François lors de l'émission de la Rai "Che tempo che fa"

François lors de l’émission de la Rai « Che tempo che fa »

De vrais amis

Les questions touchent ensuite à des domaines plus personnels: «Vous arrive-t-il de vous sentir seul? Avez-vous de vrais amis?» demande le présentateur. Et François de répondre : «j’ai des amis qui m’aident, ils connaissent ma vie comme un homme normal, non pas que je sois normal, non. J’ai mes anomalies. Mais comme un homme ordinaire qui a des amis. Et j’aime être avec mes amis parfois pour leur dire des choses, pour les écouter. Mais en effet j’ai besoin d’amis. C’est l’une des raisons pour lesquelles je ne suis pas allé vivre dans l’appartement pontifical, parce que les Papes qui étaient là avant étaient des saints et que je ne vais pas bien, je ne suis pas aussi saint. J’ai besoin de relations humaines, c’est pourquoi je vis dans cet hôtel à Santa Marta où l’on trouve des gens qui parlent à tout le monde, on trouve des amis.

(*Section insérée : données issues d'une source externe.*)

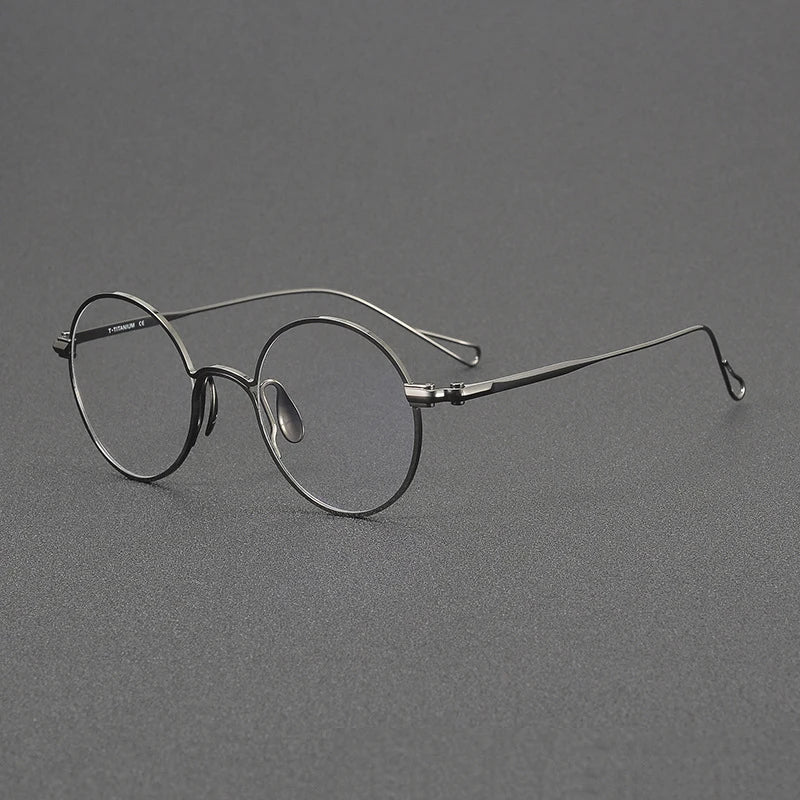 Stylish Black Full Rim Round Titanium Eyeglasses for Women - Lightweight & Durable Frame - Perfect for Office, Reading & Everyday Wear (Model 942152)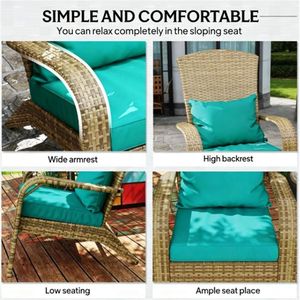Silla de jardín y terraza azul cielo con respaldo - Product Image 3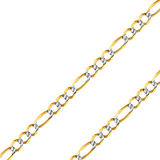 14K Real Solid Yellow or white Pave Gold 3.90mm-5.60mm Figaro 3+1 Concave Open Light Chain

C’est une vie plus facile pour moi, je n’ai pas envie de faire l’autre vie. Je n’ai pas la force, et les amitiés me donnent de la force. Au contraire, j’ai besoin d’amis, ils sont peu nombreux mais vrais».

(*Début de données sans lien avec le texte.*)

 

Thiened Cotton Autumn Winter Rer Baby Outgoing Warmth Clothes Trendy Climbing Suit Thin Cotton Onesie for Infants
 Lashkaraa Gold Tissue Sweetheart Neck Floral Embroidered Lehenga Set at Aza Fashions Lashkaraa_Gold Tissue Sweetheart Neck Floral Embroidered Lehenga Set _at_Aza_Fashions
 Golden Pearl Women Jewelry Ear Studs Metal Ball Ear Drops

Enfance, musique et télévision

Au cours de l’entretien, les références au passé ne manquent pas: son enfance à Buenos Aires, son soutien à l’équipe de football de San Lorenzo, sa «vocation» de boucher, ses racines piémontaises, son expérience au laboratoire de chimie, une formation «qui m’a beaucoup séduit» mais sur laquelle l’appel de Dieu a prévalu. Toujours au chapitre des confidences, le Pape rappelle également le vœu qu’il a fait à Notre-Dame du Carmel, le 16 juillet 1990, de ne pas regarder la télévision: «Je ne la regarde pas, mais pas parce que je la condamne». La musique, par contre, est une passion, surtout la musique classique et le tango: «un porteño qui ne danse pas le tango n’est pas un porteño». Quant à son sens de l’humour, il déclare: «c’est un médicament» qui «relativise tout et vous fait du bien».

100 prières

Comme toujours depuis 2013, le Pape François a pris congé en demandant des prières. «J’ai besoin d’elles, et si certains d’entre vous ne prient pas parce qu’ils ne croient pas, ne savent pas ou ne peuvent pas, laissez-vous au moins m’envoyer de bonnes pensées, de bonnes ondes».L’entretien se termine par une image tirée du film «Miracle à Milan»: «pour clore le dialogue, je crois que c’est Vittorio De Sica qui joue le rôle du voyant, lisant les mains: ‘Merci 100 lires’. Je dis ‘100 prières’, ‘100 lires, 100 prières’. Merci».